The McClintock expedition also found a human skeleton on the southern coast of King William Island. Still clothed, it was searched, and some papers were found, including a seaman's certificate for Chief Petty Officer Henry Peglar (b. 1808), Captain of the Foretop, HMS Terror. However, since the uniform was that of a ship's steward, it is more likely that the body was that of Thomas Armitage, gun-room steward on HMS Terror and a shipmate of Peglar, whose papers he carried. At another site on the western extreme of the island, Hobson discovered a lifeboat containing two skeletons and relics from the Franklin expedition. In the boat was a large amount of abandoned equipment, including boots, silk handkerchiefs, scented soap, sponges, slippers, hair combs, and many books, among them a copy of The Vicar of Wakefield. McClintock also took testimony from the Inuit about the expedition's disastrous end.

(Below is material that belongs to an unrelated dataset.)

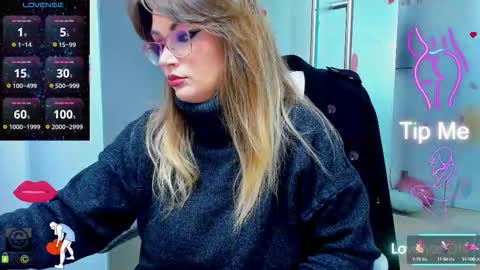 evelyne_rose online show from 10/10/25, 05:17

Two expeditions between 1860 and 1869 by Charles Francis Hall, who lived among the Inuit near Frobisher Bay on Baffin Island and later at Repulse Bay on the Canadian mainland, found camps, graves, and relics on the southern coast of King William Island but none of the Franklin expedition survivors he believed would be found among the Inuit. Though he concluded that all of the Franklin crew were dead, he believed that the official expedition records would yet be found under a stone cairn. With the assistance of his guides Ebierbing and Tookoolito, Hall gathered hundreds of pages of Inuit testimony. Among these materials are accounts of visits to Franklin's ships, and an encounter with a party of white men on the southern coast of King William Island near Washington Bay. In the 1990s, this testimony was extensively researched by David C. Woodman, and was the basis of two books, Unravelling the Franklin Mystery (1992) and Strangers Among Us (1995), in which he reconstructs the final months of the expedition.

The hope of finding these lost papers led Lieutenant Frederick Schwatka of the U.S. Army to organise an expedition to the island between 1878 and 1880. Traveling to Hudson Bay on the schooner Eothen, Schwatka, assembling a team that included Inuit who had assisted Hall, continued north by foot and dog sled, interviewing Inuit, visiting known or likely sites of Franklin expedition remains, and wintering on King William Island. Though Schwatka failed to find the hoped-for papers, in a speech at a dinner given in his honour by the American Geographical Society in 1880, he noted that his expedition had made "the longest sledge journey ever made both in regard to time and distance" of 11 months and 4 days and 4,360 km (2,710 mi), that it was the first Arctic expedition on which the whites relied entirely on the same diet as the Inuit, and that it established the loss of the Franklin records "beyond all reasonable doubt". The Schwatka expedition found no remnants of the Franklin expedition south of a place known as Starvation Cove on the Adelaide Peninsula. This was well north of Crozier's stated goal, the Back River, and several hundred miles away from the nearest Western outpost, on the Great Slave Lake. Woodman wrote of Inuit reports that between 1852 and 1858 Crozier and one other expedition member were seen in the Baker Lake area, about 400 km (250 mi) to the south, where in 1948 Farley Mowat found "a very ancient cairn, not of normal Eskimo construction" inside which were shreds of a hardwood box with dovetail joints.